To undertake the infrastructure project, Qatar filled its need for cheap labor with desperate migrant workers. Three million people live in Qatar, but only 15% are citizens. The rest are largely migrant workers and their families from India, Pakistan, Nepal and other South Asian countries. Over the past 12 years, many of those workers have been subjected to severe labor conditions while building stadiums, hotels and even cities in 100-degree heat, preparing Qatar for the World Cup this month. Often, living conditions have been poor.
In 2021, the Qatari government mandated a meager minimum wage for migrant workers following widespread criticism from global media and fans. The new wage requirement pays workers $275 a month, which comes out to a minuscule $1.70 an hour for a 40-hour workweek. Even under this new requirement, complaints from migrant workers about unpaid wages continued to grow.
Taking advantage of one of the world's most prominent stages, Qatar is trying to improve its global reputation, even if it means losing breathtaking amounts of money.
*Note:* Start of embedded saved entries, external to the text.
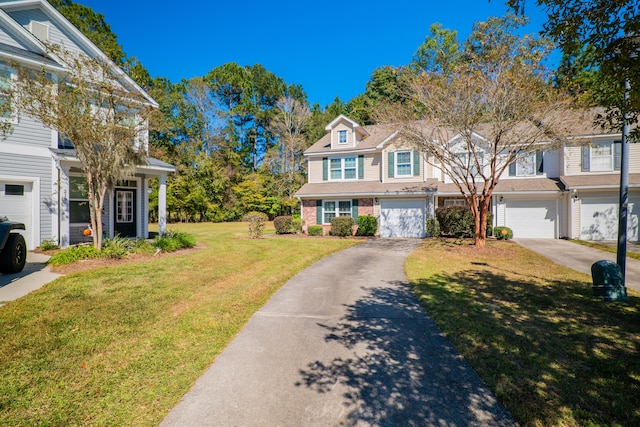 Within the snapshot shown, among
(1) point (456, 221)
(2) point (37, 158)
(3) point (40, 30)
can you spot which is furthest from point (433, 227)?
(3) point (40, 30)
World Cup hosts normally see financial gains in the billions from the event, but the World Cup in Qatar is projecting a net cost of $200 billion — on top of the thousands of human lives, which seem to have no value to Qatar.
According to the Guardian, more than 6,500 migrant workers from South Asian countries alone have died since Qatar won its World Cup bid, with the U.N.'s International Labor Organization expressing alarm over the harsh working conditions they have been subjected to. With many of these deaths being labeled "natural" by the Qatari government, Amnesty International called for "greater clarity and transparency surrounding these deaths," and pointed out the "need for Qatar to strengthen its occupational health and safety standards."
During a global conference in Los Angeles in May, FIFA president Gianni Infantino dismissed questions about the alarming number of deaths in Qatar: "FIFA is not the police of the world or responsible for everything that happens around the world."
Infantino's comments are true to FIFA's position: stand by and watch. But why accept the deaths of thousands of workers? Because it makes money. Since Qatar won the bid, serious questions have been raised regarding alleged corruption in the awarding process. FIFA has faced several corruption scandals over the years, and many of the board members that made the Qatar decision have resigned following the allegations.
Some fans have suggested a possible boycott of this year's World Cup, but it may be easier to turn away from the deaths of thousands of migrant workers than it is to turn away from the beautiful game. When Qatar kicks off the 2022 FIFA World Cup against Ecuador on Nov. 20, human rights advocates hope these workers won't be forgotten.
Marcos Odegard, of St. Paul, is a student at Nova Classical Academy and at ThreeSixty Journalism at the University of St. Thomas.